消えゆく彼岸花と、宮木野に残る飢饉の記憶

📅2025年9月29日(月)

昨日、お彼岸も明けたので、お墓をきれいに片づけてきました✨
帰り道、稲刈りを終えた田んぼに咲く彼岸花を見つけ、季節の移ろいを感じるひとときでした🌾❤️😊

田んぼの彼岸花

宮木野の記憶

子どもの頃、よく「彼岸花には毒があるから触ってはいけないよ」と言われました。
田んぼの畔に植えられるのは、毒があることでネズミが穴をあけないようにするためだと教えられました。

一方で、飢饉のときには「何も食べるものがなくなった最後の非常食だ」とも。
だからこそ、普段は口にしないよう「毒」と伝え、また人が手を出さないお墓のそばに植えられてきたのだそうです。(ほかにも理由があるらしいのですが、)

子ども心に「彼岸花は毒なのか、それとも非常食なのか」とずっと不思議に思っていました。
今では毒があることは知られていても、非常食になり得ることを知る人は少ないかもしれません。

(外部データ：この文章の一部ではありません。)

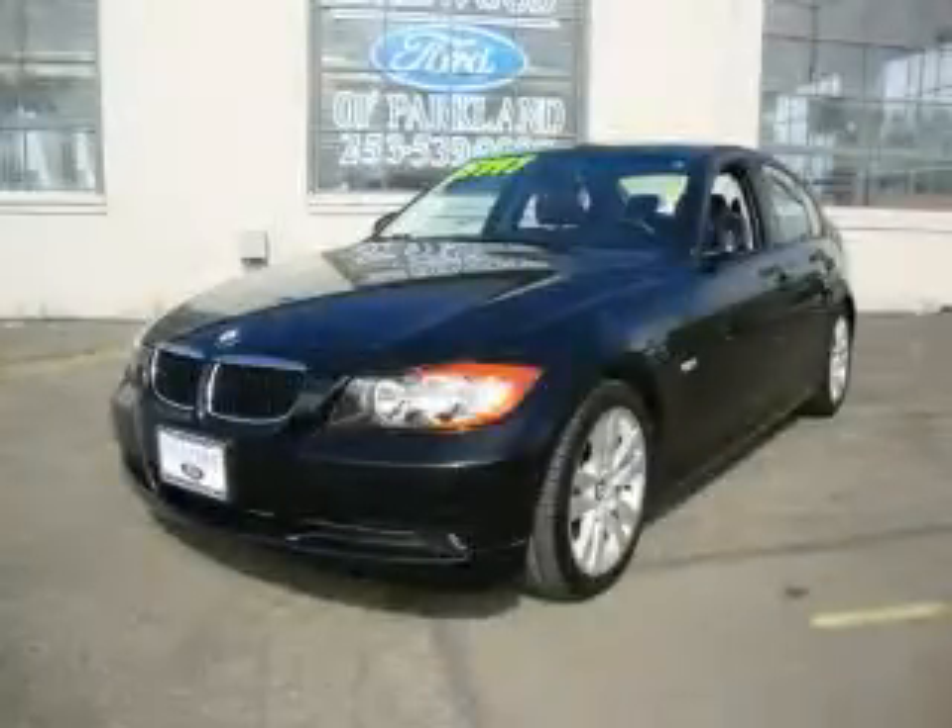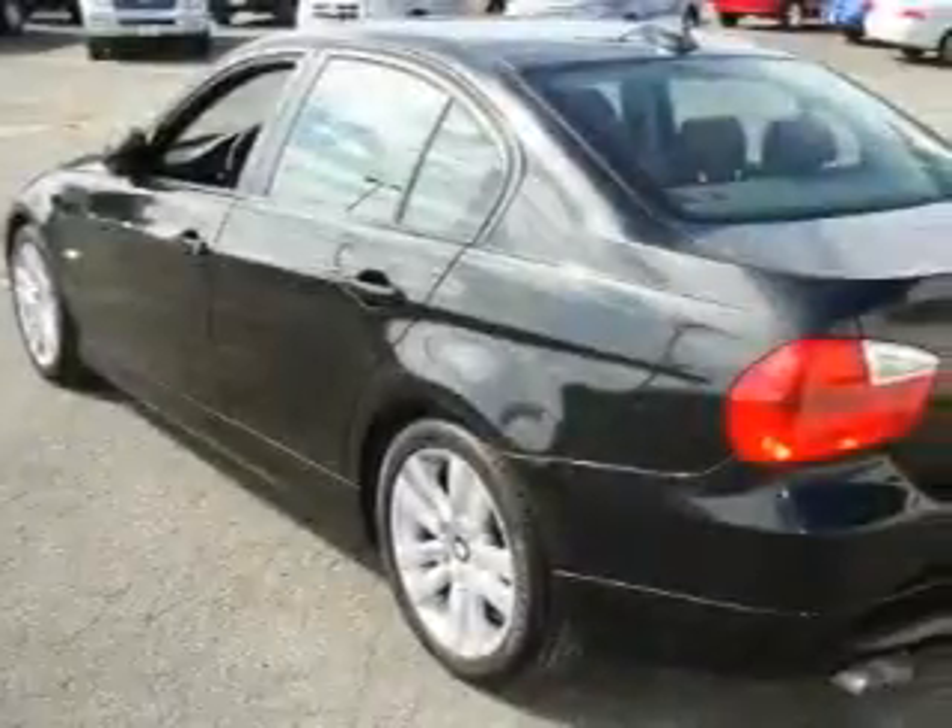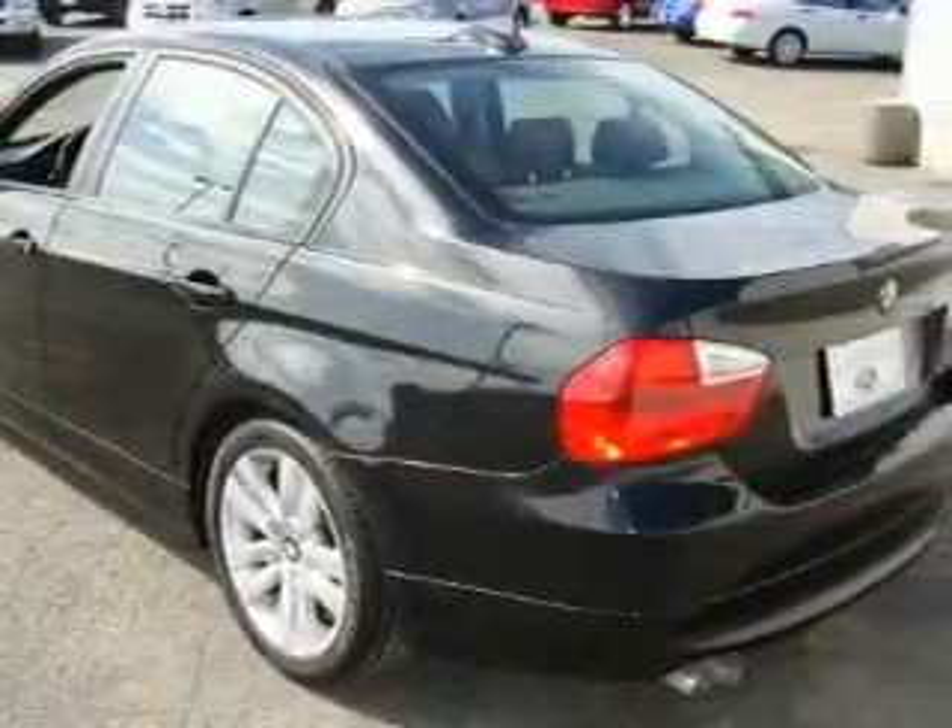This is a 2007 BMW 328 with a great fit and finish. It features a 3.0-liter six-cylinder engine and an automatic transmission.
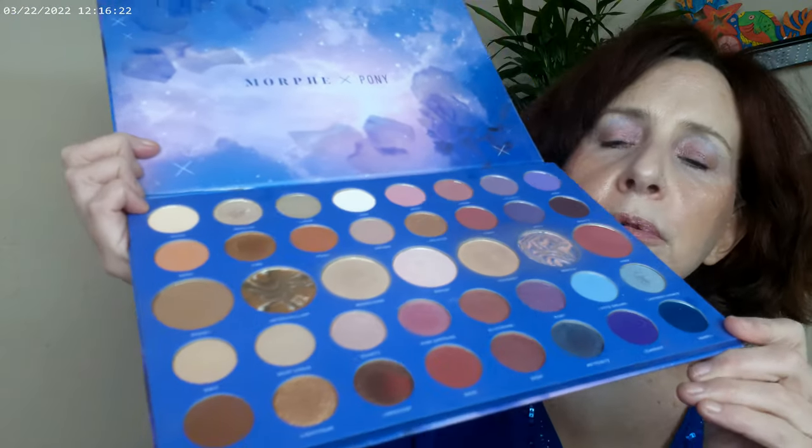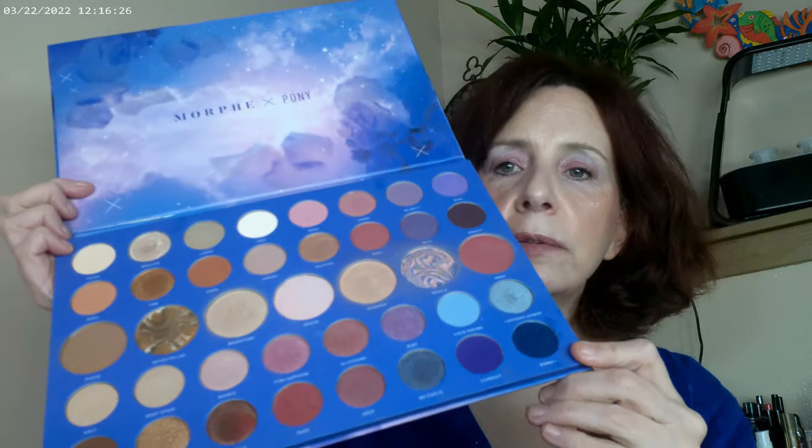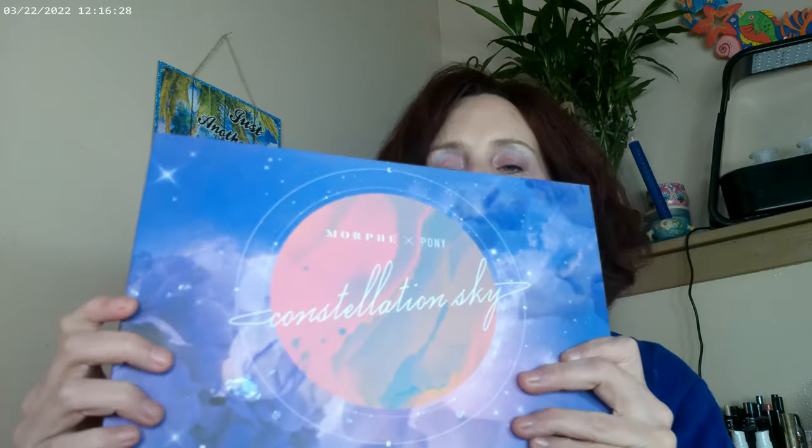This is a really pretty palette from Morphe — I haven't seen it at Ulta; it was at Ulta for a long time. You may be able to get it on the Morphe website, and why I'm saying that is because Morphe is actually the one that's having the sale right now, and they do have a whole bunch of sale items.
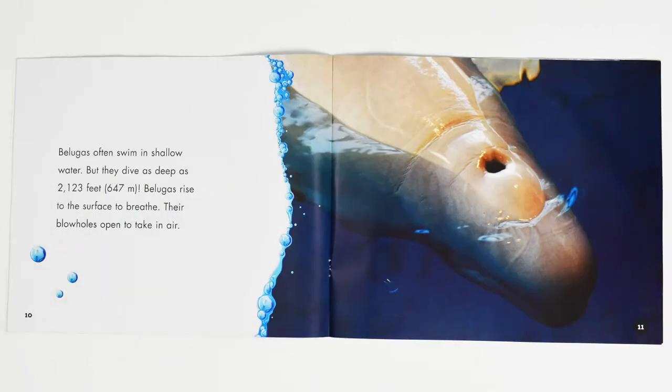Belugas often swim in shallow water, but they dive as deep as 2,123 feet, or 647 meters. Belugas rise to the surface to breathe. Their blowholes open to take in air.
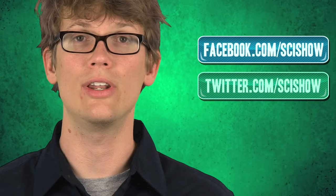Thanks for watching this episode of SciShow. If you'd like to get in touch with us, leave suggestions or ideas — we'll be in the comments below, or on Facebook or Twitter. And if you want to continue getting smarter with us, you can go to youtube.com/SciShow and subscribe.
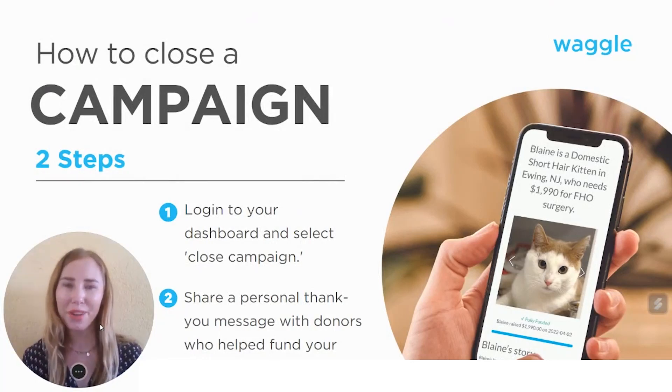Welcome back! We hope your campaign was successful. Now it's time to wrap things up and close it out. With this one minute video, I will show you those two simple steps.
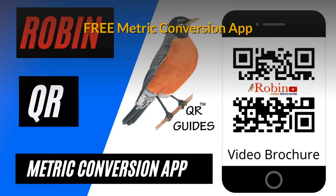Travelers, visitors, and even local people have trouble with metric conversion. This simple system shows you how to do it with a click of a button.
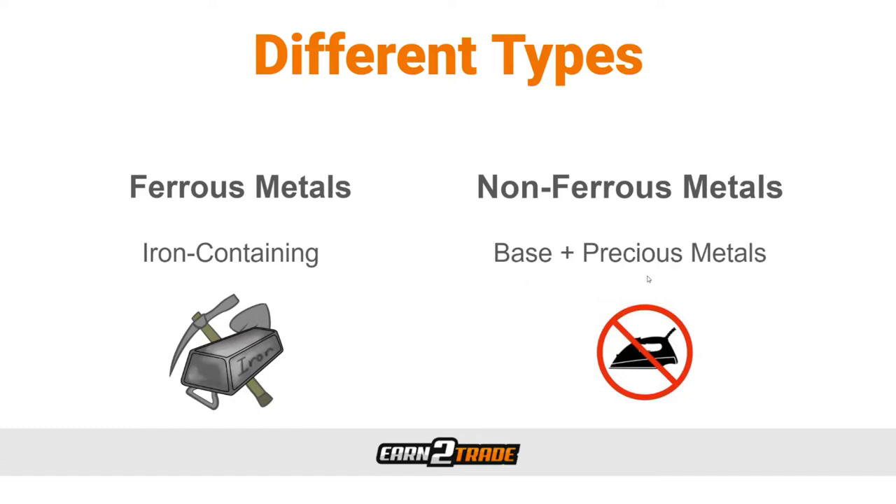Precious metals are the more expensive and rare cousins of base metals — high-end commodities used for jewelry, fine dinnerware, decorations, or simply as a storage of value. They don't corrode, oxidize, or tarnish, meaning they remain in perfect condition for centuries. Precious metals are also scarcer, which makes them more valuable intrinsically. The more popular ones include gold, silver, and platinum, though the list also includes palladium, rhodium, and iridium.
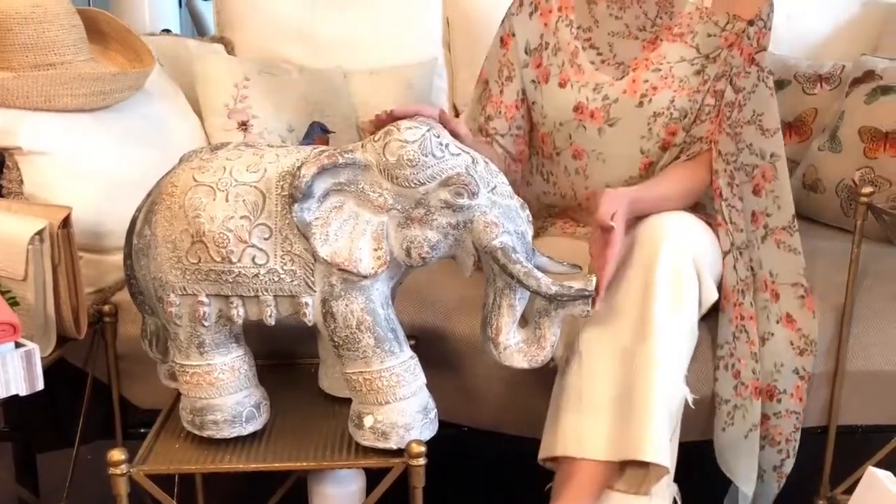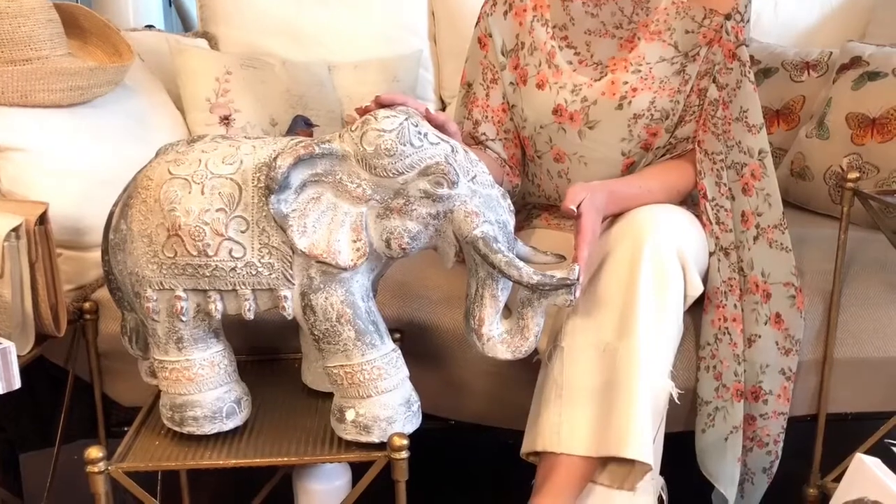Sometimes when I go shopping, I go shopping for me because I just look at it and think, oh my gosh, I have to have it. So then I get some more for you — that's how this elephant got here. Isn't he amazing? This is such a beautiful piece. It reminds me absolutely of something I would have bought when I was in India.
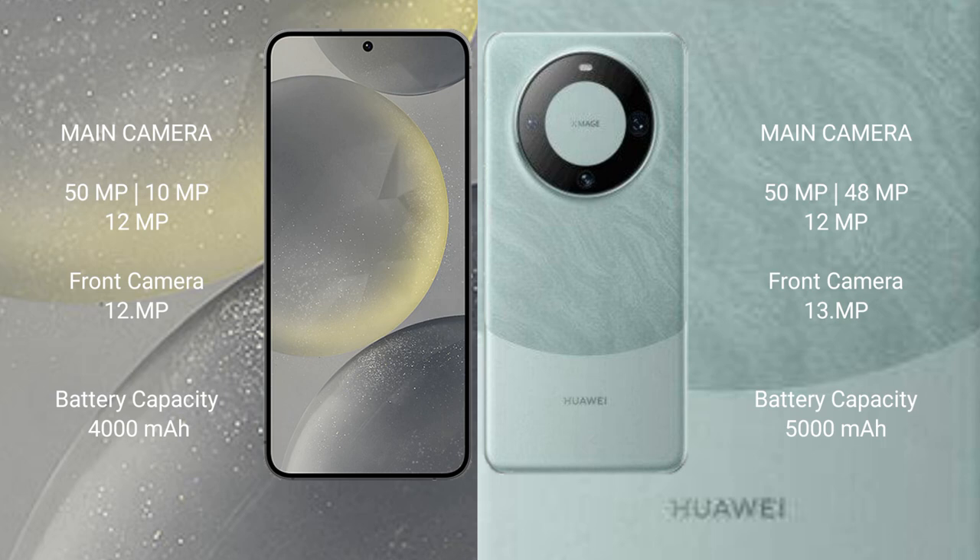Samsung Galaxy S24 has a 4000mAh battery with 25W fast charging support. Huawei Mate 60 Pro has a 5000mAh battery with 88W fast charging support.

実際、彼岸花には毒がありますが、適切に処理すれば無毒化できるそうです。
鰻の血液には毒があるが加熱で消えるそうです。それに似ていますね。

江戸時代、宮木野は三度も大きな飢饉に見舞われました。
そのため、親は子に草を指さして「これは食べられる」「これは食べられない」と伝えたのでしょう。
そうした知識は、家ごとの秘密として受け継がれ、決して他には教えなかったといいます。
けれど今では、そうした記憶を受け継ぐ人もほとんどいなくなりました。

土地改良が進み、田んぼから彼岸花の姿も少しずつ消えていきました。
恵まれた時代に生きていると思う一方で、昔の人々の悲しい記憶が、今も私の心には残っているのです。